Choral Programs

The Green Lake Festival of Music is pleased to offer two choral programs, which will run concurrently in June 2023. Singers may participate in either program or both!

choral institute -Festival Chorus

Tuesday, June 20 - Friday, June 23, 2023

The Choral Institute is a beloved tradition at the Green Lake Festival of Music and welcomes anyone who loves to sing! Each season, this Festival Chorus rehearses and performs significant works from throughout the choral repertory. In 2023, the Choral Institute will feature Carl Orff’s thrilling Carmina Burana with professional soloists in a concert at Ripon College on Friday, June 23.

Cost is $150 ($125 if also participating in the Composer Residency). Participants are responsible for meals, housing, transportation, and music purchase.

Registration is due by April 15.

John C. Hughes

Director of Choral Programs & Conductor

Composer Residency - Chamber Choir

Thursday, June 22 – Sunday, June 25, 2023

The Green Lake Festival of Music is pleased to welcome Reena Esmail as its featured artist for the 2023 Composer Residency. Rehearsals of Esmail’s works by the Chamber Choir will begin the morning of Thursday, June 22, culminating in an afternoon performance on Sunday, June 25 at Ripon College.

Chamber Choir participants work at a high artistic level. They are expected to have advanced reading and vocal skills, and a screening recording is required for participation. Submission procedures can be found by clicking the link below and are due by March 15.

Cost is $150 ($125 if also participating in the Choral Institute). Participants are responsible for meals, housing, transportation, and music purchase.

Reena Esmail

Green Lake Festival of Music’s
Composer-in-Residence for 2023

Choral Conducting Apprentice program

The Green Lake Festival of Music (GLFM) is pleased to announce a Choral Conducting Apprentice Program for the 2023 season. This new initiative will select one apprentice and is designed for career-track singers, choral conductors, composers, and music educators enrolled in undergraduate or master’s degree programs. Doctoral students or very recently graduates may also be considered. 
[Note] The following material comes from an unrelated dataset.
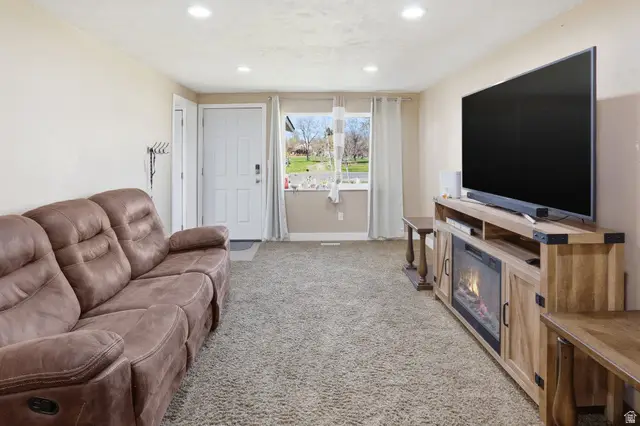 240 W 300 S, Smithfield, UT 84335 - #3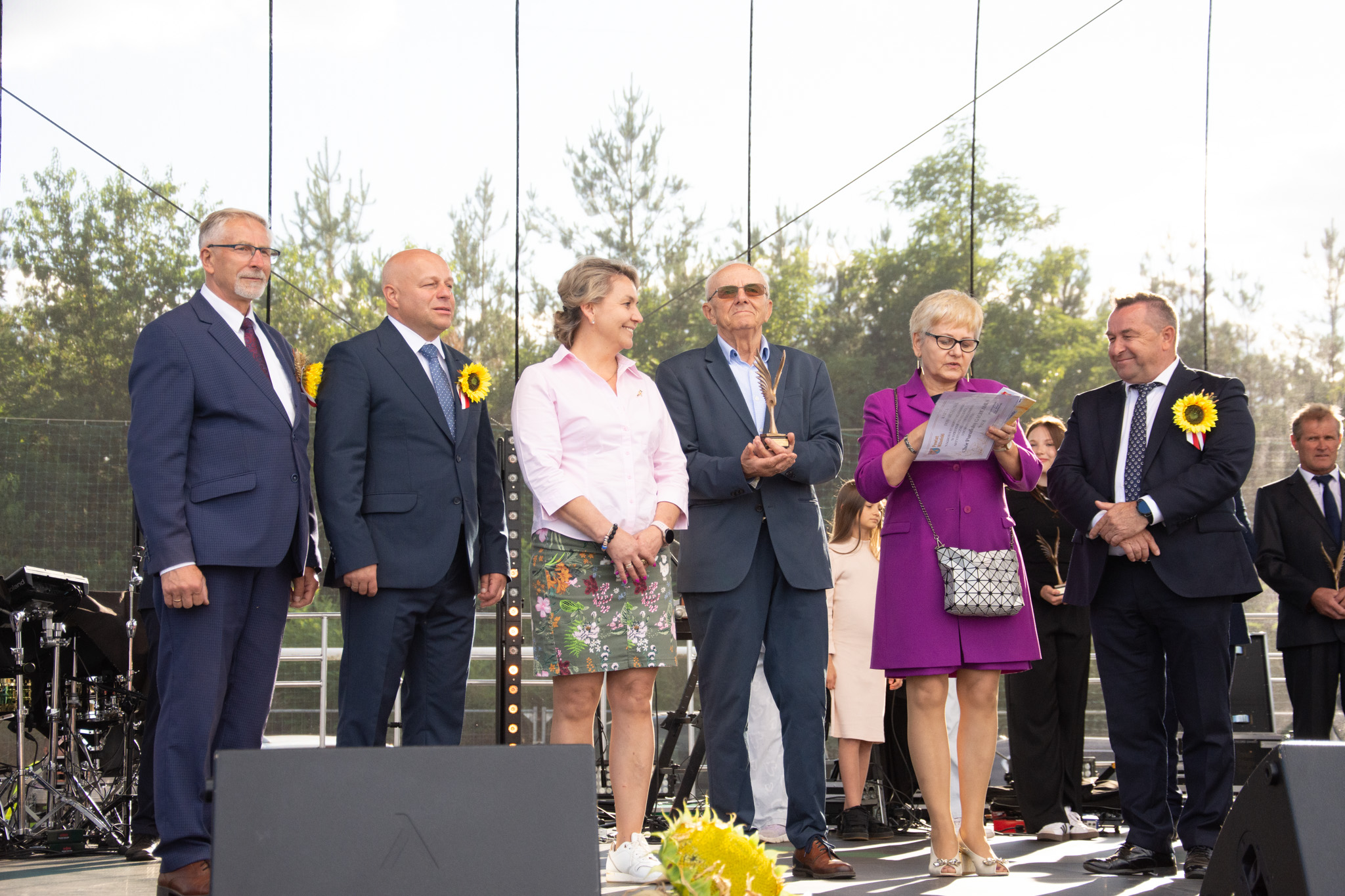 539803798 1189617989860257 229358862790420094 N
Click here for more information

**The Green Lake Festival of Music is committed to creating and maintaining a diverse and inclusive experience. Black, Latinx, Asian/Pacific Islander, Indigenous, and LGBTQ+ emerging professionals are strongly encouraged to apply.**

Reena Esmail, Composer-in-Residence

Indian-American composer Reena Esmail works between the worlds of Indian and Western classical music, and brings communities together through the creation of equitable musical spaces. 
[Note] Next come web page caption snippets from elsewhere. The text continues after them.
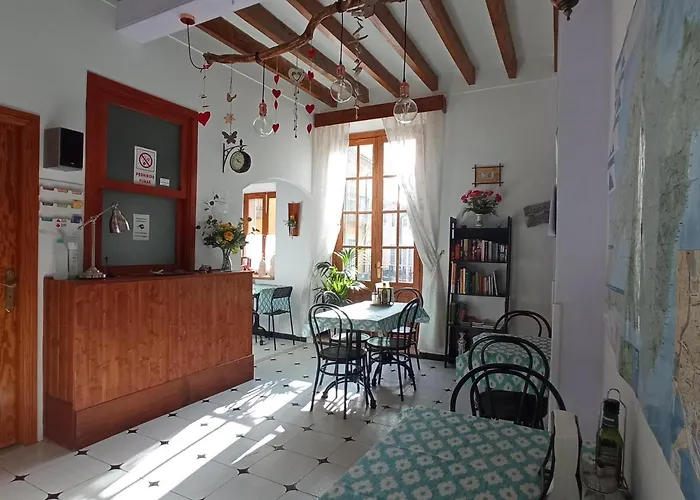 Hostal Ca\'N Tiu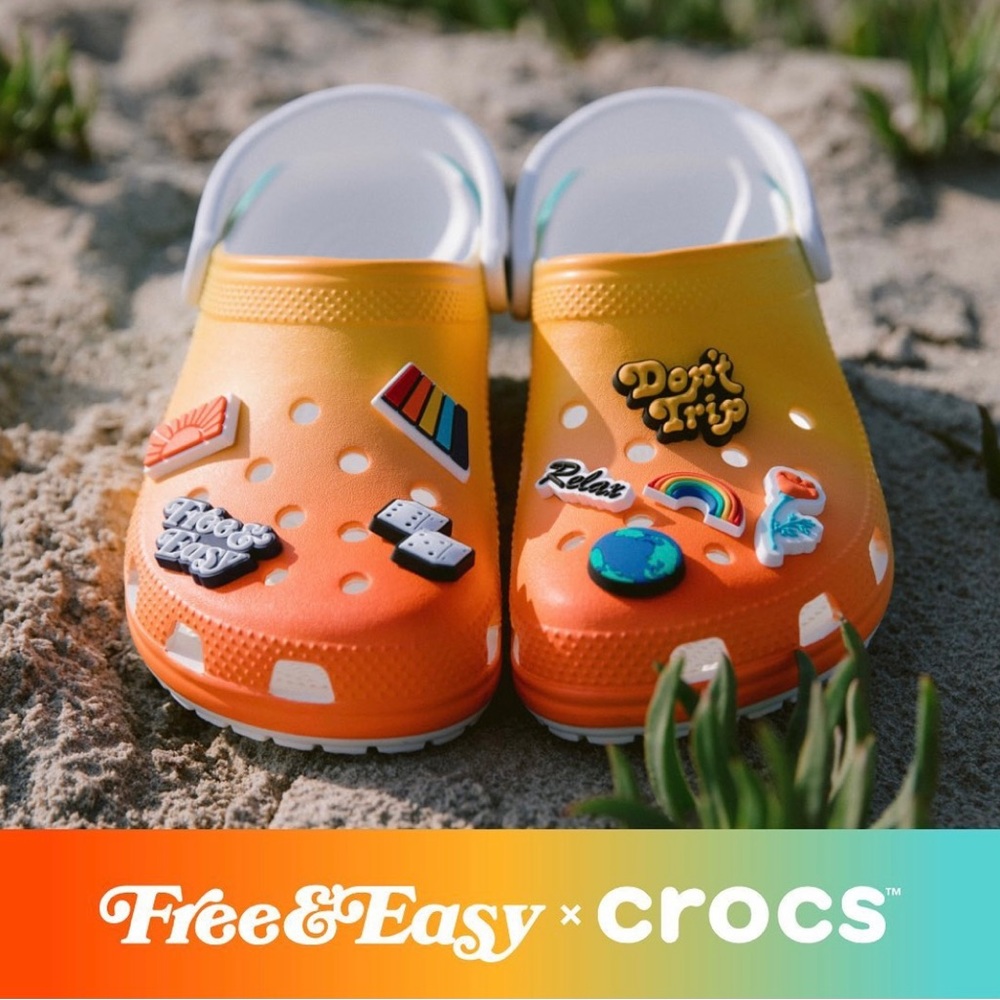 Crocs Classic Clogs, Free & Easy X Crocs, M7 / W9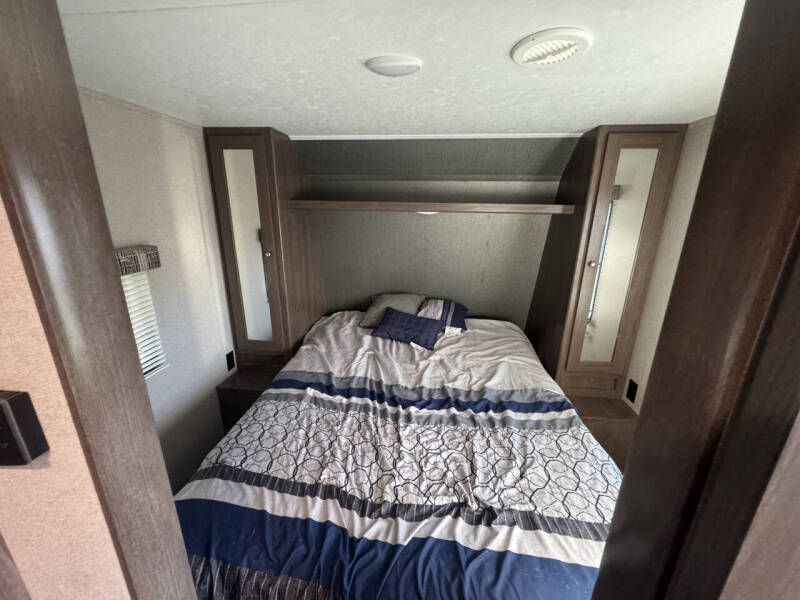 2019 Keystone RV Hideout M-28 BHSWE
Esmail’s life and music was profiled on Season 3 of PBS Great Performances series Now Hear This, as well as Frame of Mind, a podcast from the Metropolitan Museum of Art.

Esmail divides her attention evenly between orchestral, chamber and choral work. She has written commissions for ensembles including the Los Angeles Master Chorale,  Seattle Symphony, Baltimore Symphony Orchestra and Kronos Quartet, and her music has featured on multiple Grammy-nominated albums, including The Singing Guitar by Conspirare, BRUITS by Imani Winds, and Healing Modes by Brooklyn Rider. Many of her choral works are published by Oxford University Press.

Esmail is the Los Angeles Master Chorale’s 2020-2025 Swan Family Artist in Residence, and was Seattle Symphony’s 2020-21 Composer-in-Residence. She also holds awards/fellowships from United States Artists, the S&R Foundation, the American Academy of Arts and Letters, and the Kennedy Center.

Esmail holds degrees in composition from The Juilliard School (BM’05) and the Yale School of Music (MM’11, MMA’14, DMA’18). Her primary teachers have included Susan Botti, Aaron Jay Kernis, Christopher Theofanidis, Christopher Rouse and Samuel Adler. She received a Fulbright-Nehru grant to study Hindustani music in India. Her Hindustani music teachers include Srimati Lakshmi Shankar and Gaurav Mazumdar, and she currently studies and collaborates with Saili Oak. Her doctoral thesis, entitled Finding Common Ground: Uniting Practices in Hindustani and Western Art Musicians explores the methods and challenges of the collaborative process between Hindustani musicians and Western composers.

Esmail was Composer-in-Residence for Street Symphony (2016-18) and is currently an Artistic Director of Shastra, a non-profit organization that promotes cross-cultural music connecting music traditions of India and the West.